*** The data

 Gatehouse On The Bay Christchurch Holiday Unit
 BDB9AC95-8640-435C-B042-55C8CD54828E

******
*** The data

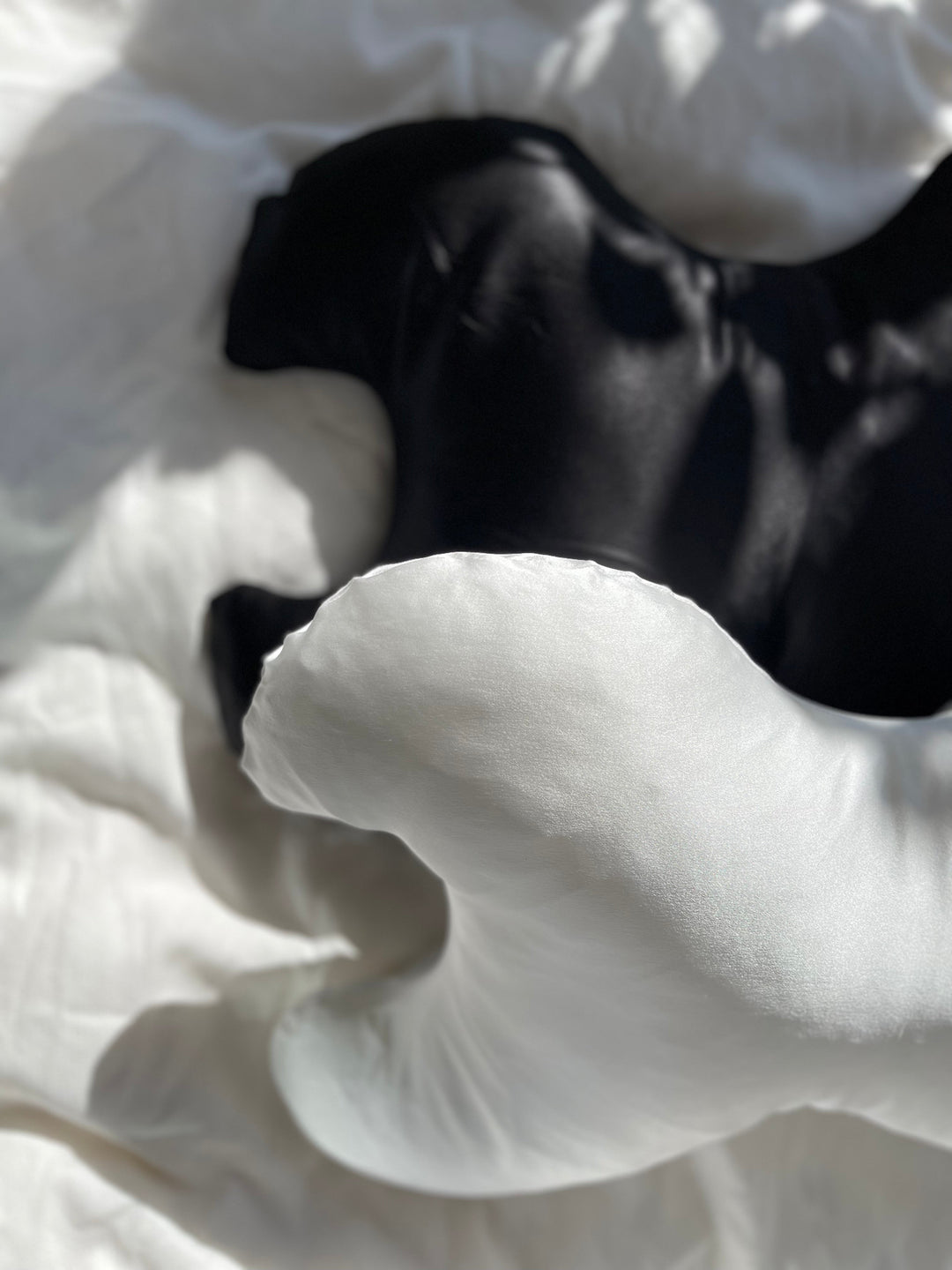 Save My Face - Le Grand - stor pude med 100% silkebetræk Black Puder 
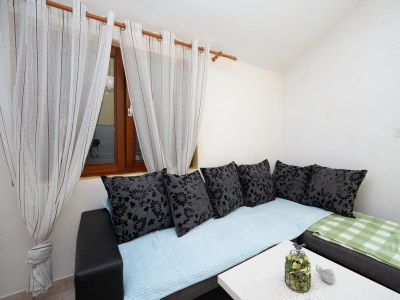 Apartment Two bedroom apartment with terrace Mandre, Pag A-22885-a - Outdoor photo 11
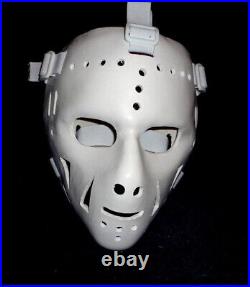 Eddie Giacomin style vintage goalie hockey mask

******
*** The data

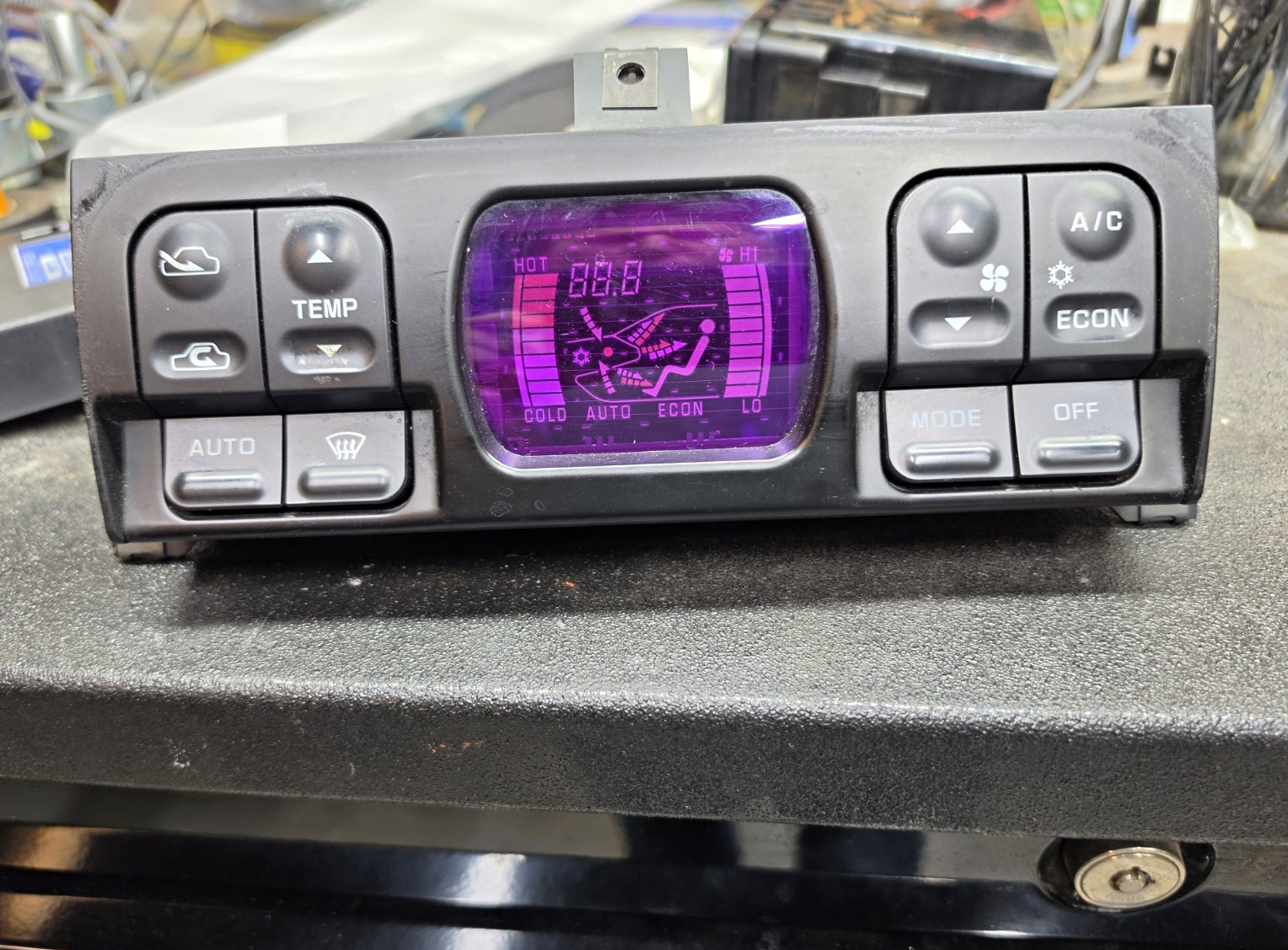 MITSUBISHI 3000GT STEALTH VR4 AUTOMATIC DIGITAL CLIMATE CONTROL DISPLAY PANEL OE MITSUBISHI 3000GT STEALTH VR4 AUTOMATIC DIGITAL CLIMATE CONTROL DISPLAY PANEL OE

******

▸ Instructions for the task
Your copy should hold the lines from the one with "Save My Face" up to and including the one with "Eddie Giacomin style", exactly as in the data above, and no pictures.

▸ Written solution
 Save My Face - Le Grand - stor pude med 100% silkebetræk Black Puder 
 Apartment Two bedroom apartment with terrace Mandre, Pag A-22885-a - Outdoor photo 11
 Eddie Giacomin style vintage goalie hockey mask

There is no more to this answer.